I was always into music, but never very musical.

When I started senior school, the music department put me down to learn the trumpet. My brother Martin was already studying it and we could share the same instrument. Although the trumpet may not have been my first choice, I nonetheless conjured up images of myself as a lovelorn Chet Baker, charming a smoke-filled jazz club with my unique version of ‘But Not for Me.’

I arrived at my first lesson eager with anticipation.

My new tutor, a stern, bearded fellow who looked like he’d rather be somewhere else, began by instructing me on the correct embouchure. I had to practice buzzing my lips into the mouthpiece. As easy as blowing a raspberry, he said.

However, after several attempts, we established that this foundation skill was beyond me.

‘I’m sorry to tell you this, son.
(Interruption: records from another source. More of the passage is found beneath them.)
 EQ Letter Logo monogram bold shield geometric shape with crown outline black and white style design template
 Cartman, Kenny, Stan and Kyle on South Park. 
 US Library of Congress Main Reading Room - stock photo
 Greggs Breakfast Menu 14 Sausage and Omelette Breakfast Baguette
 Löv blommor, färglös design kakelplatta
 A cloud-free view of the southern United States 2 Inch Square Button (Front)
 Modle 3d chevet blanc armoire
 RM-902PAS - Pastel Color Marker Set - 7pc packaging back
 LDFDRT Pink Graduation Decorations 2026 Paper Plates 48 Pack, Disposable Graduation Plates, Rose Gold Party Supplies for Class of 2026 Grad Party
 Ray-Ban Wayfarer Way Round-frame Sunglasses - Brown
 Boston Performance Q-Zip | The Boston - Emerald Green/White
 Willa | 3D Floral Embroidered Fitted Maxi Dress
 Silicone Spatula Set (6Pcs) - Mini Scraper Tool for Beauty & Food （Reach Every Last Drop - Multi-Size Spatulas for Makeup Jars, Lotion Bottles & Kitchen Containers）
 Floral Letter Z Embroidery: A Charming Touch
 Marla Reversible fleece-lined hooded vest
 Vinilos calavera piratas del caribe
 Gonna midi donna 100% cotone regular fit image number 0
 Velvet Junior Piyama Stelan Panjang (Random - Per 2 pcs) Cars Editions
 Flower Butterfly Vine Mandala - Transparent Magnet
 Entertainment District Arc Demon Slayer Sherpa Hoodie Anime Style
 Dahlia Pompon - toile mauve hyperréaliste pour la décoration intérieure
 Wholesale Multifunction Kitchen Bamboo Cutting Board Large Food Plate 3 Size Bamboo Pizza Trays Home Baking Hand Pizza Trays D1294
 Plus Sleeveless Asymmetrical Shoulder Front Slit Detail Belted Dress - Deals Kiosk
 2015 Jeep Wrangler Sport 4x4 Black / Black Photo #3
You’ve got no lips for the trumpet.’

And that was the end of that.

I had to come to terms with the fact: though I loved music, music did not love me.

'They're writing songs of love, but not for me.
A lucky star's above, but not for me.
Although I can't dismiss the memory of her kiss,
I guess she's not for me.'

Chet Baker, 'But Not for Me' (Ira and George Gershwin)

And yet I have always liked to listen to theorists talking about music’s hidden mysteries. I’m fascinated when experts deconstruct chord progressions, scales and arpeggios; major and minor keys; time signatures and tempos; verse, chorus, middle 8, chorus. I remain impressed that, beneath the sweet soulful melodies I adore, there is shape, structure and form; that there is architecture in music.

After spending a few years in the advertising profession, I realised that arguments too have their own hidden anatomy; that behind the seduction of salesmanship, there is order and design; that there is a rhythm to persuasion.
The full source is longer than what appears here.